Yes, you are right, but we do not have any better idea yet.
Currently we have three fake pci devices, which support stall and pasid.
We have to let pci system know the device can support pasid, because of
stall feature, though not support pri.
Do you have any other ideas?

Thanks

2020-06-09 09:17:56

by Arnd Bergmann

[permalink] [raw]
Subject: Re: [PATCH 0/2] Introduce PCI_FIXUP_IOMMU

On Tue, Jun 9, 2020 at 6:02 AM Zhangfei Gao <[email protected]> wrote:
> On 2020/6/9 上午12:41, Bjorn Helgaas wrote:
> > On Mon, Jun 08, 2020 at 10:54:15AM +0800, Zhangfei Gao wrote:
> >> On 2020/6/6 上午7:19, Bjorn Helgaas wrote:
> >>>> +++ b/drivers/iommu/iommu.c
> >>>> @@ -2418,6 +2418,10 @@ int iommu_fwspec_init(struct device *dev, struct
> >>>> fwnode_handle *iommu_fwnode,
> >>>> fwspec->iommu_fwnode = iommu_fwnode;
> >>>> fwspec->ops = ops;
> >>>> dev_iommu_fwspec_set(dev, fwspec);
> >>>> +
> >>>> + if (dev_is_pci(dev))
> >>>> + pci_fixup_device(pci_fixup_final, to_pci_dev(dev));
> >>>> +
> >>>>
> >>>> Then pci_fixup_final will be called twice, the first in pci_bus_add_device.
> >>>> Here in iommu_fwspec_init is the second time, specifically for iommu_fwspec.
> >>>> Will send this when 5.8-rc1 is open.
> >>> Wait, this whole fixup approach seems wrong to me. No matter how you
> >>> do the fixup, it's still a fixup, which means it requires ongoing
> >>> maintenance. Surely we don't want to have to add the Vendor/Device ID
> >>> for every new AMBA device that comes along, do we?
> >>>
> >> Here the fake pci device has standard PCI cfg space, but physical
> >> implementation is base on AMBA
> >> They can provide pasid feature.
> >> However,
> >> 1, does not support tlp since they are not real pci devices.
> >> 2. does not support pri, instead support stall (provided by smmu)
> >> And stall is not a pci feature, so it is not described in struct pci_dev,
> >> but in struct iommu_fwspec.
> >> So we use this fixup to tell pci system that the devices can support stall,
> >> and hereby support pasid.
> > This did not answer my question. Are you proposing that we update a
> > quirk every time a new AMBA device is released? I don't think that
> > would be a good model.
>
> Yes, you are right, but we do not have any better idea yet.
> Currently we have three fake pci devices, which support stall and pasid.
> We have to let pci system know the device can support pasid, because of
> stall feature, though not support pri.
> Do you have any other ideas?

It sounds like the best way would be to allocate a PCI capability for it, so
detection can be done through config space, at least in future devices,
or possibly after a firmware update if the config space in your system
is controlled by firmware somewhere. Once there is a proper mechanism
to do this, using fixups to detect the early devices that don't use that
should be uncontroversial. I have no idea what the process or timeline
is to add new capabilities into the PCIe specification, or if this one
would be acceptable to the PCI SIG at all.

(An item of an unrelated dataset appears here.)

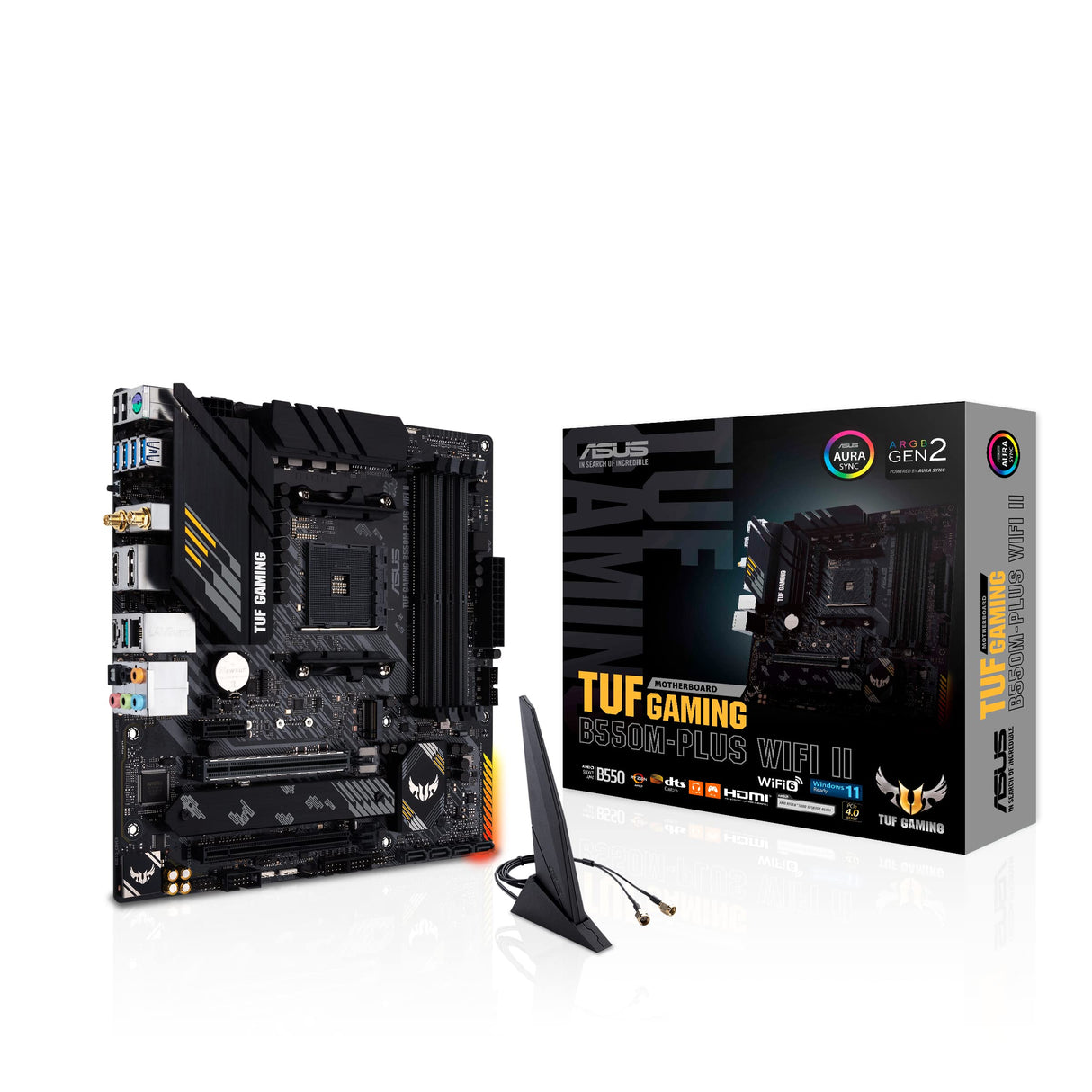 ASUS TUF Gaming B550M-PLUS WiFi II - Placa Base Micro-ATX AMD B550 (PCIe 4.0, 2X M.2, VRM de 10 etapas, HDMI, DP, USB 3.2 Gen. 2 de Tipo A y C, Aura Sync RGB)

If detection cannot be done through PCI config space, the next best
alternative is to pass auxiliary data through firmware. On DT based
machines, you can list non-hotpluggable PCIe devices and add custom
properties that could be read during device enumeration. I assume
ACPI has something similar, but I have not done that.

Arnd

2020-06-09 16:50:22

by Bjorn Helgaas

[permalink] [raw]
Subject: Re: [PATCH 0/2] Introduce PCI_FIXUP_IOMMU

On Tue, Jun 09, 2020 at 11:15:06AM +0200, Arnd Bergmann wrote:
> On Tue, Jun 9, 2020 at 6:02 AM Zhangfei Gao <[email protected]> wrote:
> > On 2020/6/9 上午12:41, Bjorn Helgaas wrote:
> > > On Mon, Jun 08, 2020 at 10:54:15AM +0800, Zhangfei Gao wrote:
> > >> On 2020/6/6 上午7:19, Bjorn Helgaas wrote:
> > >>>> +++ b/drivers/iommu/iommu.c
> > >>>> @@ -2418,6 +2418,10 @@ int iommu_fwspec_init(struct device *dev, struct
> > >>>> fwnode_handle *iommu_fwnode,
> > >>>> fwspec->iommu_fwnode = iommu_fwnode;
> > >>>> fwspec->ops = ops;
> > >>>> dev_iommu_fwspec_set(dev, fwspec);
> > >>>> +
> > >>>> + if (dev_is_pci(dev))
> > >>>> + pci_fixup_device(pci_fixup_final, to_pci_dev(dev));
> > >>>> +
> > >>>>
> > >>>> Then pci_fixup_final will be called twice, the first in pci_bus_add_device.
> > >>>> Here in iommu_fwspec_init is the second time, specifically for iommu_fwspec.
> > >>>> Will send this when 5.8-rc1 is open.
> > >>> Wait, this whole fixup approach seems wrong to me. No matter how you
> > >>> do the fixup, it's still a fixup, which means it requires ongoing
> > >>> maintenance. Surely we don't want to have to add the Vendor/Device ID
> > >>> for every new AMBA device that comes along, do we?
> > >>>
> > >> Here the fake pci device has standard PCI cfg space, but physical
> > >> implementation is base on AMBA
> > >> They can provide pasid feature.
> > >> However,
> > >> 1, does not support tlp since they are not real pci devices.
> > >> 2. does not support pri, instead support stall (provided by smmu)
> > >> And stall is not a pci feature, so it is not described in struct pci_dev,
> > >> but in struct iommu_fwspec.
> > >> So we use this fixup to tell pci system that the devices can support stall,
> > >> and hereby support pasid.
> > > This did not answer my question. Are you proposing that we update a
> > > quirk every time a new AMBA device is released? I don't think that
> > > would be a good model.
> >
> > Yes, you are right, but we do not have any better idea yet.
> > Currently we have three fake pci devices, which support stall and pasid.
> > We have to let pci system know the device can support pasid, because of
> > stall feature, though not support pri.
> > Do you have any other ideas?
>
> It sounds like the best way would be to allocate a PCI capability for it, so
> detection can be done through config space, at least in future devices,
> or possibly after a firmware update if the config space in your system
> is controlled by firmware somewhere. Once there is a proper mechanism
> to do this, using fixups to detect the early devices that don't use that
> should be uncontroversial. I have no idea what the process or timeline
> is to add new capabilities into the PCIe specification, or if this one
> would be acceptable to the PCI SIG at all.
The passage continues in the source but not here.